Zimbra offers Open Source email server software and shared calendar for Linux and the Mac
Go Back   Zimbra :: Forums > Zimbra Collaboration Suite > Administrators

Welcome to the Zimbra :: Forums!
Welcome, if you would like to post a comment please register. We also encourage you to explore all things Zimbra with our team and members of the community.

Reply
 
LinkBack Thread Tools Search this Thread Display Modes
  #1 (permalink)  
Old 09-28-2009, 02:08 PM
New Member
 
Posts: 4
Default [SOLVED] Backup Hanging (unable to stop)

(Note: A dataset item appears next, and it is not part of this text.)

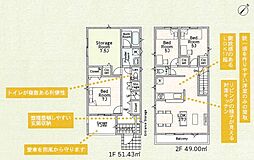 Cradle garden 南区広ケ谷戸第8 1号棟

v5.0.18_GA_3011 Network Edition

So I have a backup process that seems to be hung on a single user's mailbox. I've found evidence that indicates re-indexing the mailbox will help to prevent the hang from occurring. This is complicated by the fact that the mailbox is currently locked (maintenance mode).

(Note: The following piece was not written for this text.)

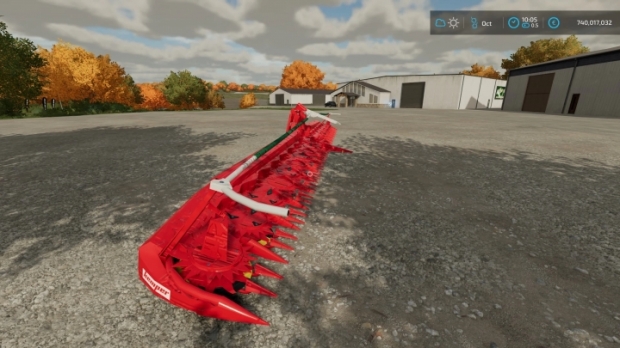 FS22 - Kemper Studie 2020 V1.0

Running zmbackupabort does not return any errors, nor does it abort the backup. A subsequent zmbackupquery shows the backup as "in progress". Running zmbadkupabort with a debug flag show nothing additional. I've poked around in the process lists for the system and cannot determine which processes are the current running backup, I did however determine that java hates the living.

I think I have the answer to my problem, but I cant seem to find out how to stop the backup process thread without taking down the whole server (which will result in the backup being restarted and hanging again). Any suggestions, Support ticket was opened, though only one user is impacted and does not classify as a high priority case for Zimbra, due to the user who is being impacted, it is a high priority issue for my team.
Reply With Quote
  #2 (permalink)  
Old 09-30-2009, 05:55 AM
New Member
 
Posts: 4
Default

So, to follow up, restarting mailboxd released the mailbox, and allowed for the backup to be aborted. I have re-indexed the mailbox, and now am waiting for our next full backup window. Thankfully the service outage was not all that long (less than 2 minutes).

To restart mailboxd:
zmmailboxdctl restart
Reply With Quote
  #3 (permalink)  
Old 10-02-2009, 12:40 PM
Junior Member
 
Posts: 7
Default

Hey Tom - thanks very much for your follow-up post. We had the exact same problem, and your suggestions solved it for us. Appreciated.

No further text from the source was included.